══ Material for this exercise

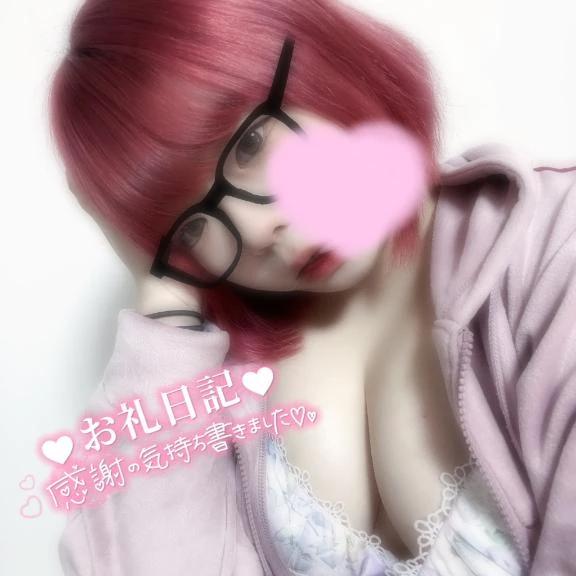 감사합니다♡
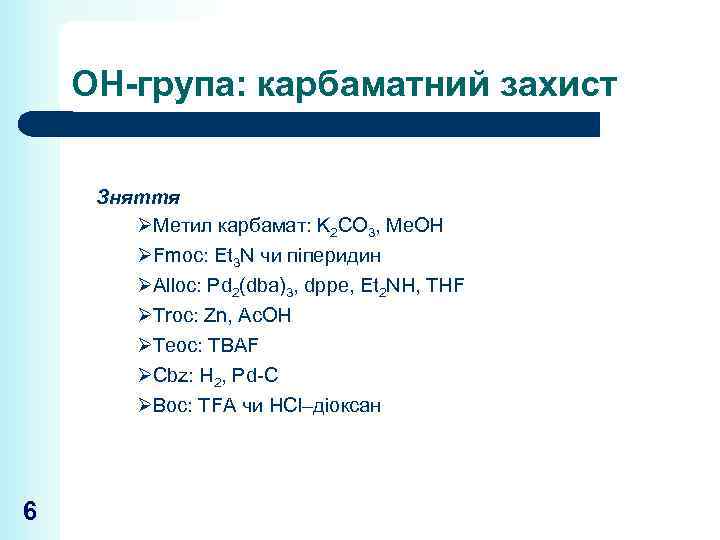 ОН-група: карбаматний захист Зняття ØМетил карбамат: K 2 CO 3, Me. OH ØFmoc: Et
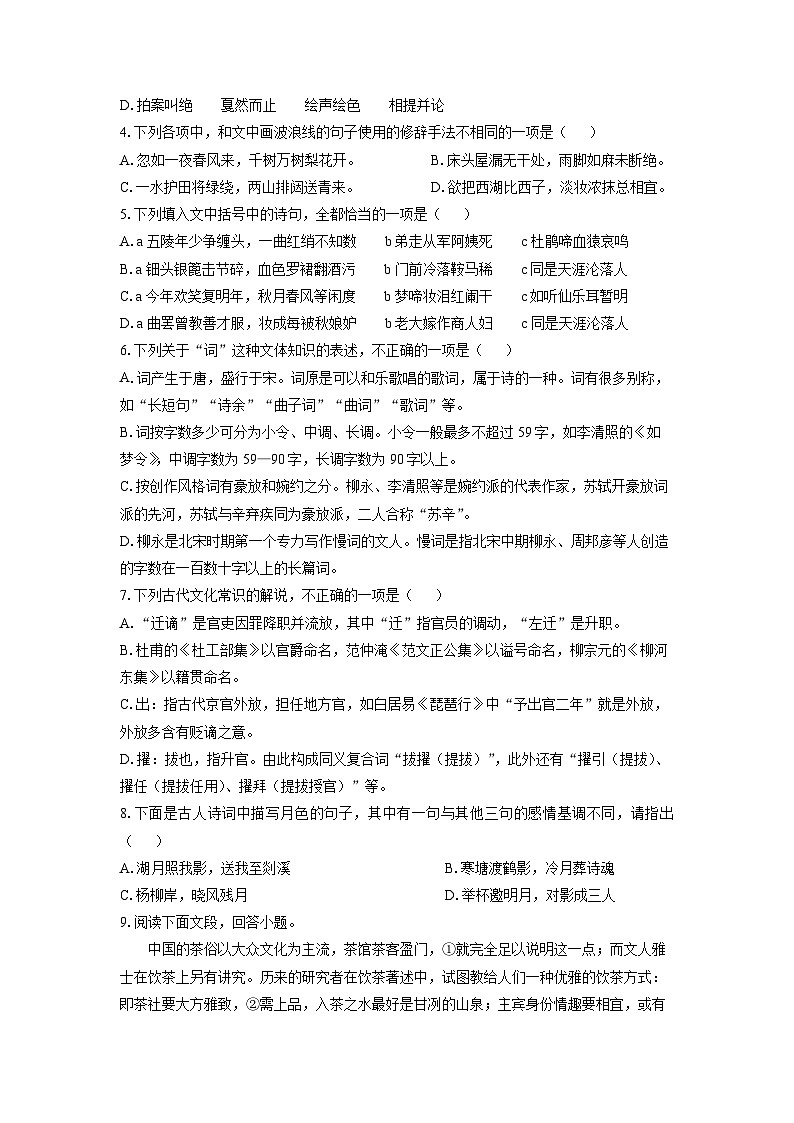 北京市丰台区2024-2025学年高一上学期期中考试语文试卷（学生版）第2页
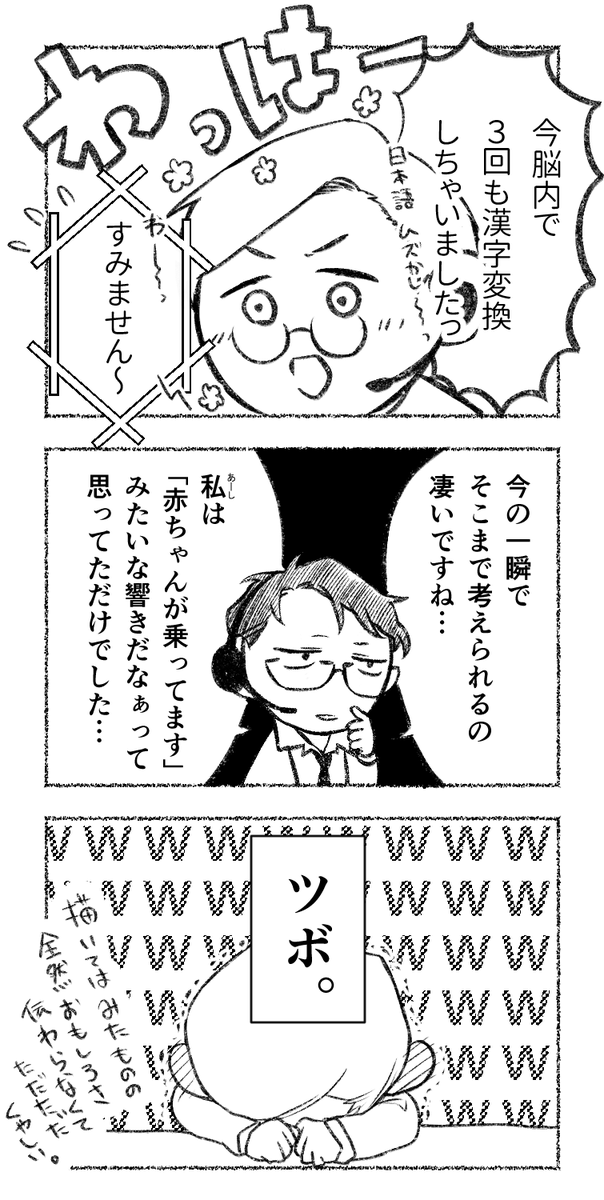 とある日のスペース 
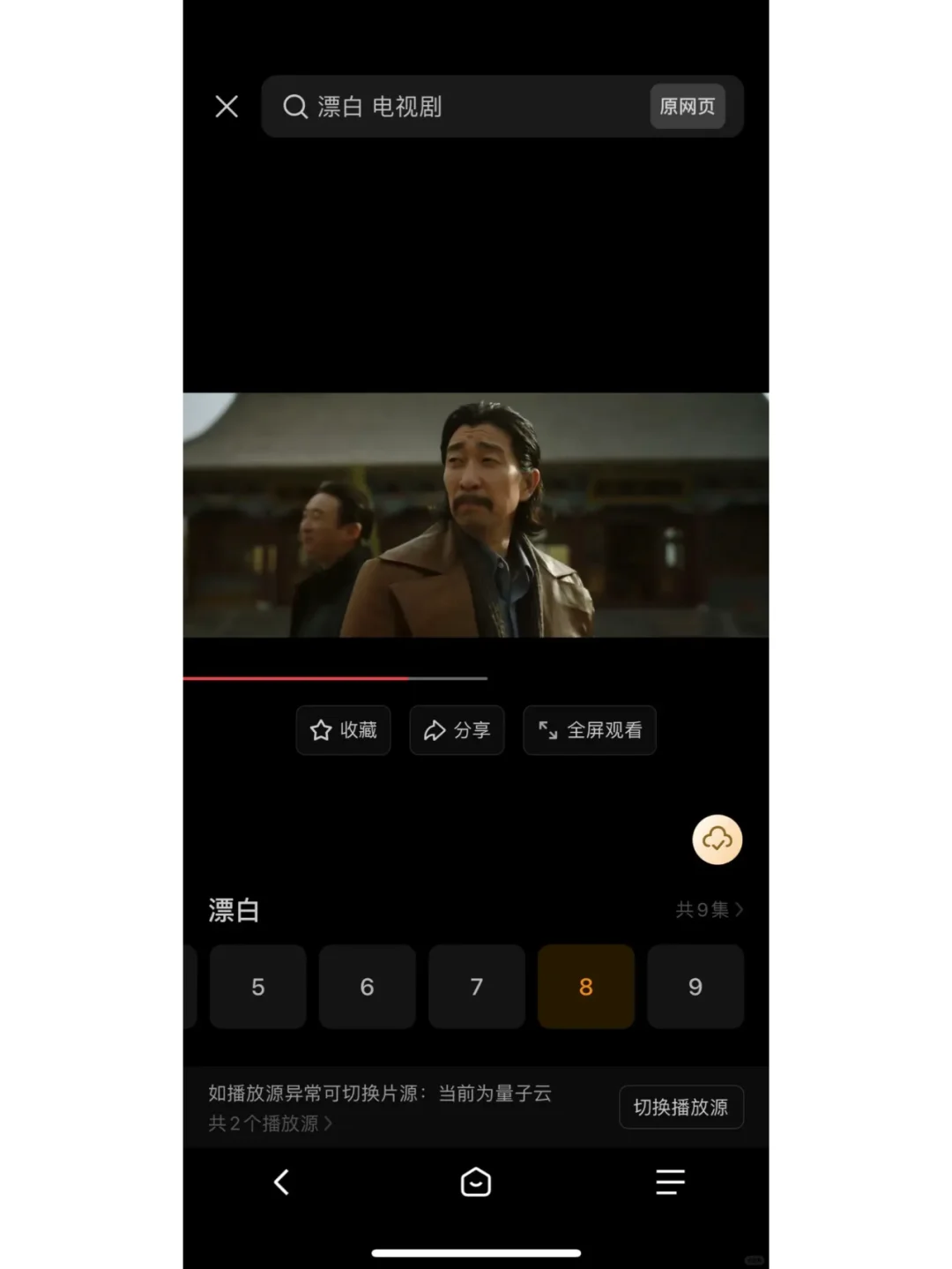免费追剧神器，保证无广告、速速体验🎉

════

### Goal of the exercise
All lines of the material above should be returned unchanged, but no pictures should be included.

### Output of the task
 감사합니다♡
 ОН-група: карбаматний захист Зняття ØМетил карбамат: K 2 CO 3, Me. OH ØFmoc: Et
 北京市丰台区2024-2025学年高一上学期期中考试语文试卷（学生版）第2页
 とある日のスペース 
免费追剧神器，保证无广告、速速体验🎉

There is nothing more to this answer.